EXCLUSIVE: Question & Answer with Tony Abbott

| March 3, 2008
Tony Abbott

In an effort to facilitate a higher level of consultation between our community and decision makers, we are planning a number of “Question & Answer” sessions with Australia’s key thought leaders. Our first guest is The Hon. Tony Abbott MHR, former Federal Minister for Health and Ageing. Here are his thoughts on the national health care reform, hospital crisis, electronic health records, community consultation, and more.

In an effort to facilitate a higher level of consultation between our community and decision makers, we are planning a number of Question & Answer sessions with Australia’s key thought leaders.

Our first guest is The Hon. Tony Abbott MHR, former Federal Minister for Health and Ageing. Here are his thoughts on the national health care reform, hospital crisis, electronic health records, community consultation, and more.

(To read Tony’s paper on Health Care Agreements, click here).

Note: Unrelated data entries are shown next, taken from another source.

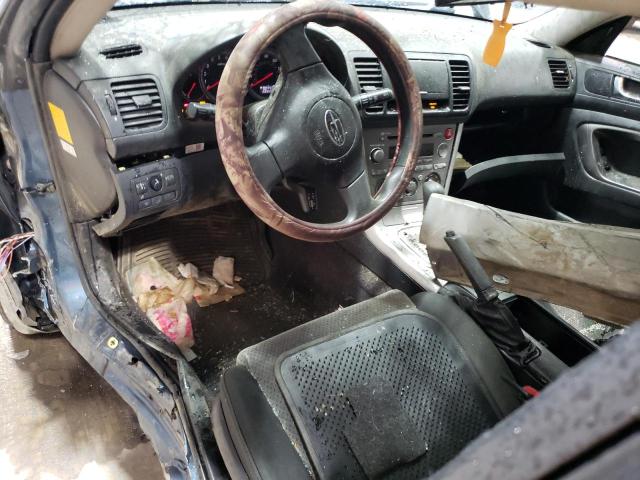 Photo 8 from auction – 2005 SUBARU LEGACY OUT with VIN 4S4BP61C757343639
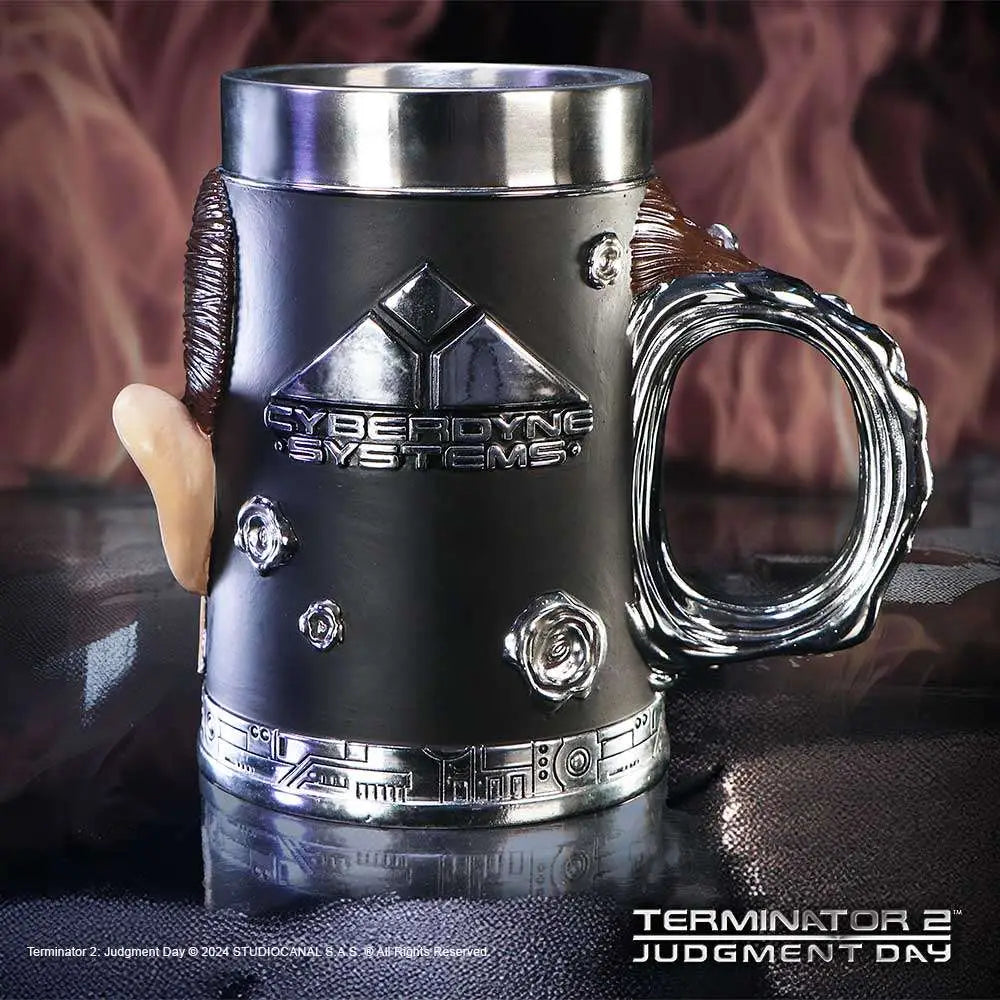 Terminator Jarro T-1000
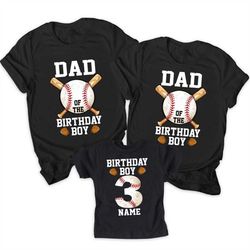 baseball family birthday shirts, baseball birthday boy, personalized birthday shirt, baseball birthday, personalized bir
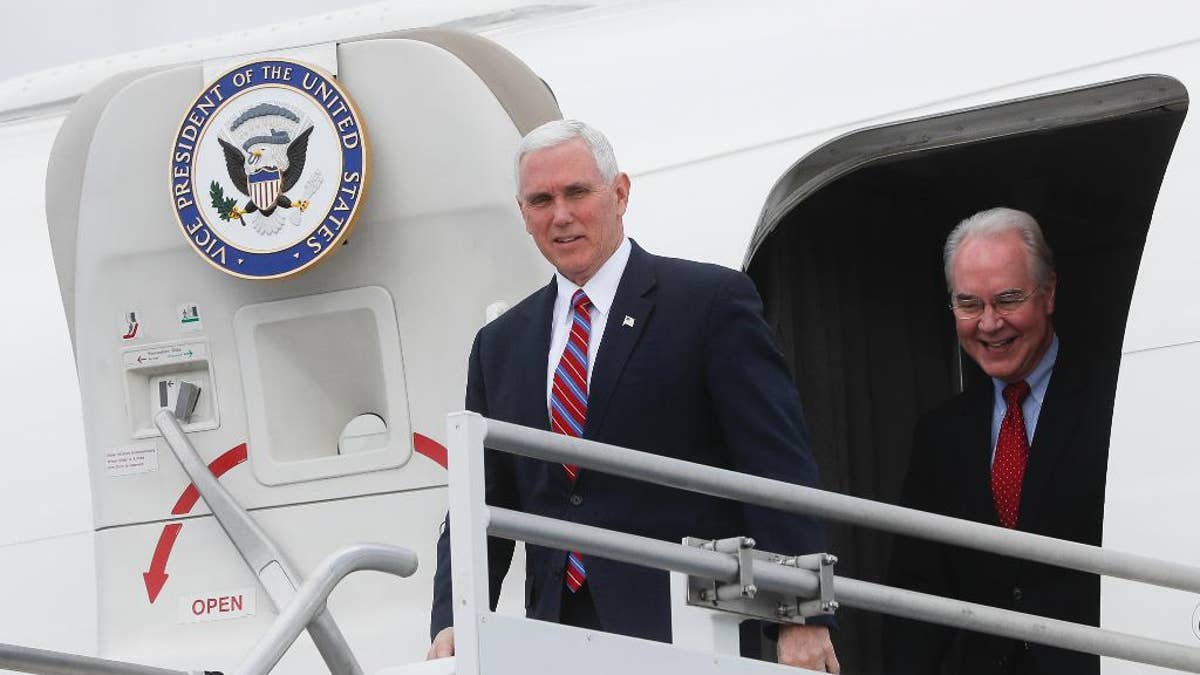 Pence, bukan Trump, yang akan memberikan pidato wisuda di Notre Dame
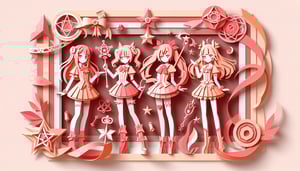 Discover Your Sailor Moon Amazon Quartet Persona
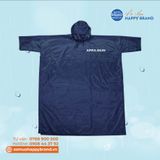  ÁO MƯA CÁNH DƠI VẢI DÙ PADERSUY AMD20 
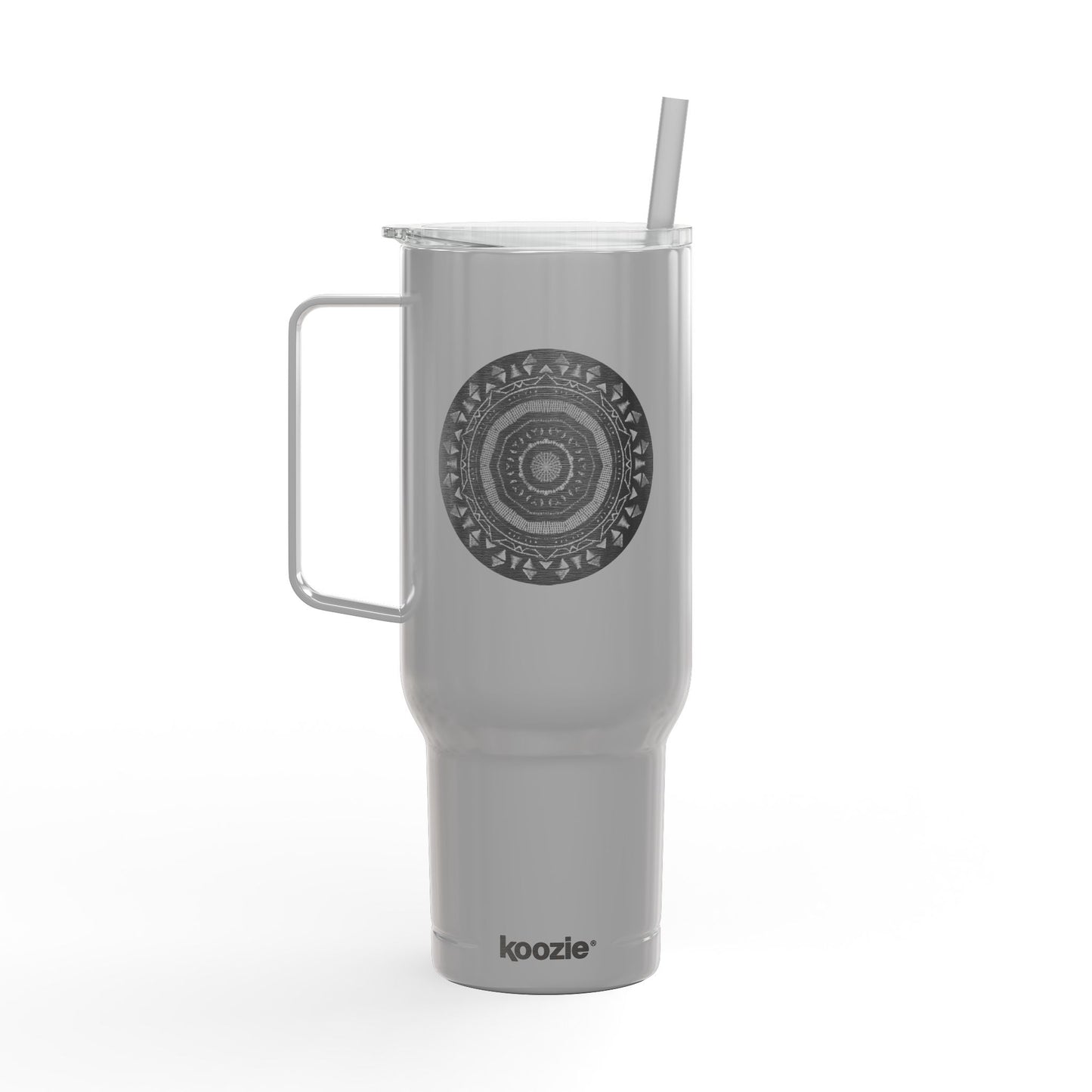 "MAYA" Insulated Tumbler with Lid, 1.2L (Engraving)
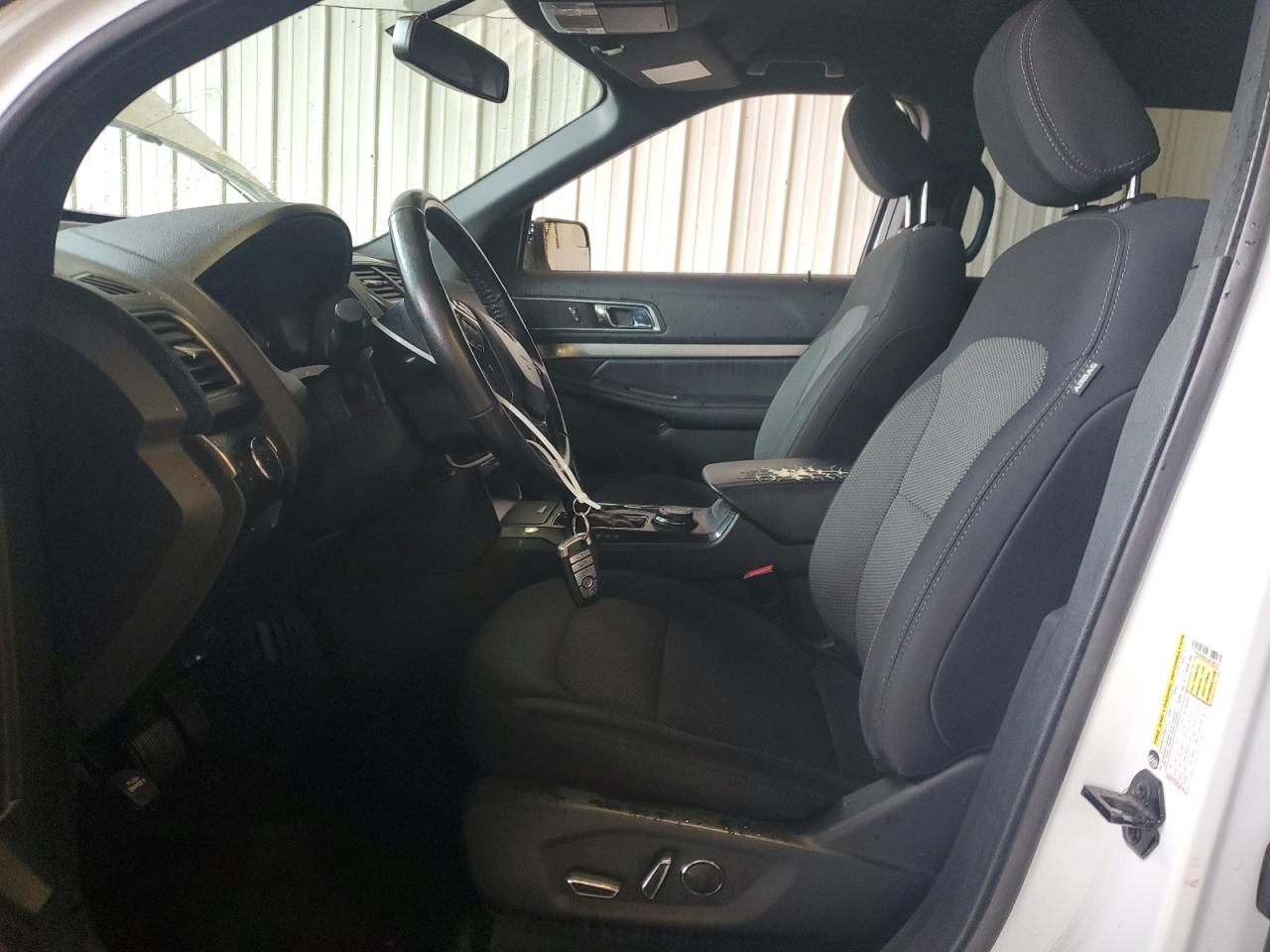 2018 Ford Explorer Xlt VIN: 1FM5K8D82JGC38757 Lot: 65143105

_____________________________________________________________

  • NATIONAL HEALTH REFORM

OF: A 2007 report by the Australian Institute of Health Policy Studies argues that current health reforms are ineffective and that “unfinished business” remains from 2000. It claims the health improvement agenda is rendered unsustainable by its piecemeal nature and that it lacks of comprehensive vision. Why is it proving so difficult to translate good ideas and intentions into concrete action? What benchmarks for success need to be set and how can the government be held accountable for its performance?

TA: Almost by definition, the health “system” will leave much to be desired.

Patients want the best, immediately, for free. In practice, it will be the best immediately but won’t be free; it will be the best for free but with a queue; or it will be immediate and free but not necessarily cutting edge.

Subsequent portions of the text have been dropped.